Pay Off the Most Expensive Debt First
Pay off the most expensive debt first. If you have more than one, pay off the balance on the debt with the highest interest rate while continuing to make the minimum payment on the rest of your debts. If you have some extra cash then paying off the debt with the highest APR first will save you money over time and clear the debt quickly.
Pay More Than the Minimum Balance
Paying only the minimum payment is not going to get your debts paid off soon. It could take many years to pay off your debts especially if you are paying only the minimum payment because it means you’re just paying interest on your debts. You need to pay more than the minimum balance on your credit card statements to pay off debts quickly and save money that would be paid on interests. If your minimum monthly payment amount is $50 and if you can pay an extra $10 or $20 month, you’d reduce the repayment period.
Put any Extra Cash toward Debt
Put any extra cash or unexpected income toward debt. Some sources of extra or unexpected income could be refund checks, work bonuses, tax refunds, etc. If you receive a job bonus, don’t use bonuses, tax return, etc. for splurges (e.g., on a vacation or any luxury purchase) or treats. Put it toward debt instead because it’s more important to get debt-free than splashing your bonus.
Find Ways to Increase Your Income
Making more money means you’ve more money available to pay off your debts. There’re many ways to increase your income these days. You can take on a second job, work overtime at your current job, do freelance work, sell things that you don’t need or use anymore or sell things that you buy at cheap price and sell them for a profit on eBay or Craigslist, make money from a hobby, running errands or starting a small business.
Take Advantages of Balance Transfers
If you have a high-interest rate credit card, take advantages of balance transfers by moving the debt to a 0% interest balance transfer credit card. Make sure to pay off the debt before the balance transfer expires. You can save a lot of money on interest this way.
Consolidate Your Debts
If you’ve multiple debts with a high-interest rate on each of your debts, it’s worth considering options. A personal loan with lower interest rates to consolidate your debts is an option. This type of personal loan is called a debt consolidation loan used to consolidate your existing debts. It makes one monthly repayment of your existing debts and clears the debts over a certain period of time.
Debt consolidation loans usually charge a high-interest rate. They also spread your repayments over a long period of time. So taking out a personal loan to consolidate your debts is only worth considering if it offers lower interest rates than your current loans.

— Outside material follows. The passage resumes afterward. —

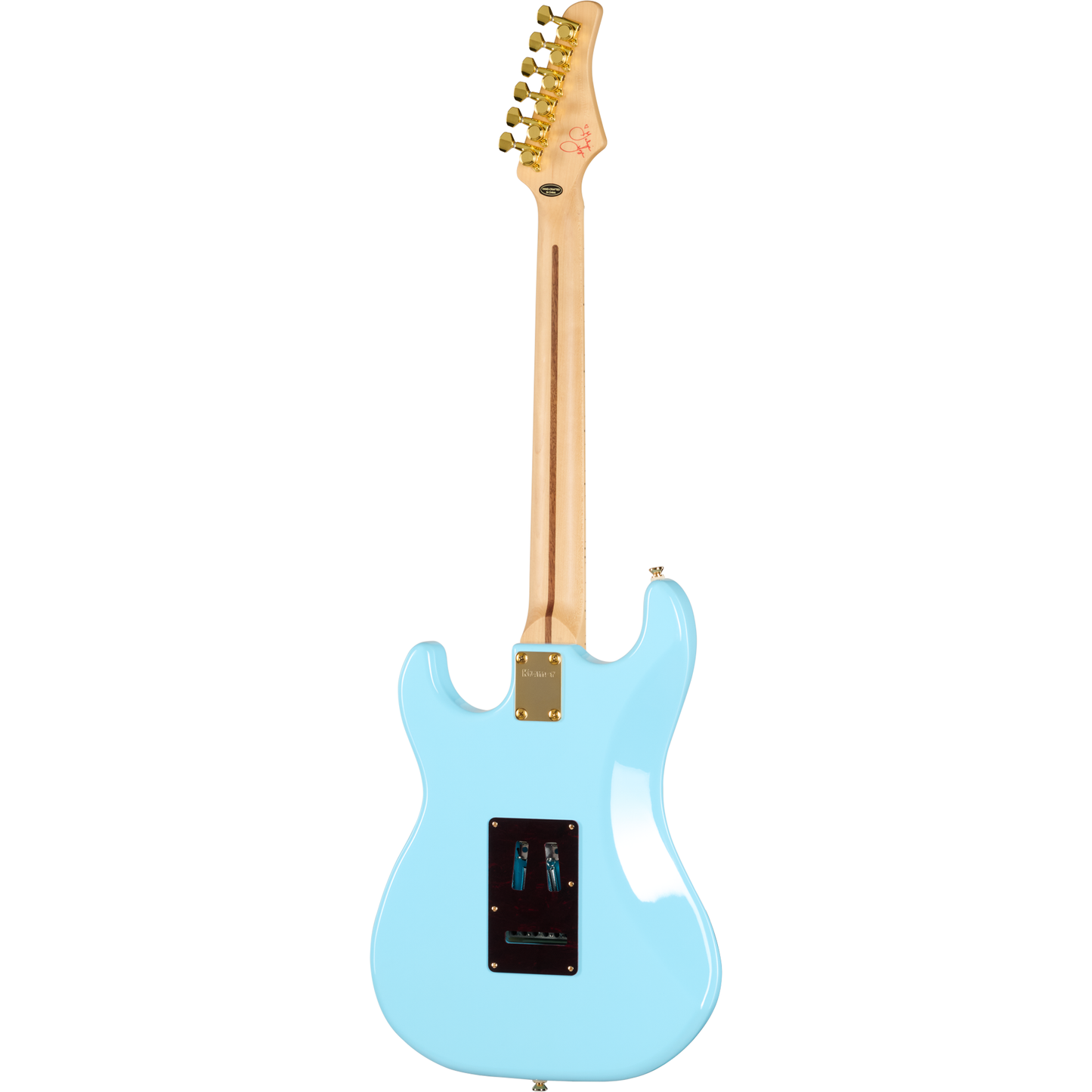 Kramer Malina Moye Pacer Deluxe Electric Guitar - Splash Blue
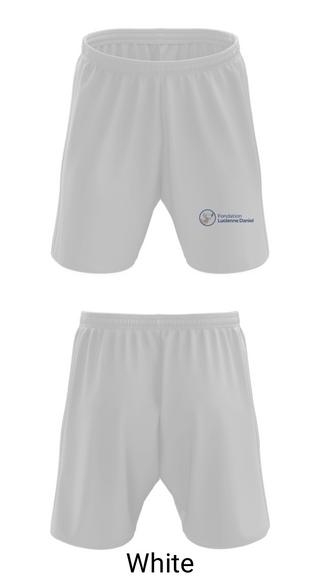 Athletic Shorts With Pockets, Lucienne Daniel Fondation, , Teamtime, Team time, sublimation, custom sports apparel, team uniforms, spirit wear, spiritwear, sports uniforms, custom shirts, team store, custom team store, fundraiser sports, apparel fundraiser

Pay Off Your Debts before Saving
Debt payment is number one. While it’s good to have an emergency savings fund for use in emergencies, don’t save money if you’re in debt. Make a debt payment and get rid of it before you save toward having a financial cushion. Besides, the rates available on the best savings accounts available are lower than the average interest rate on a credit card. If you already have savings, use them to pay off your debts. It could save you a lot of money in interest charges.
In Conclusion
These are our 9 Debt Payment Strategies, intended to help you form a plan. The length of time it takes to pay off your debts depends on your goals. Your situation will depend on which debt payment strategies you will follow. Whatever you do, get into a responsible spending habit. Find ways to earn extra income, use your savings, pay on time, pay more than the minimum amount on your credit card and pay off the most expensive debt first to speed up your repayments for all your debts and get out of your hole. For more information, you can also read.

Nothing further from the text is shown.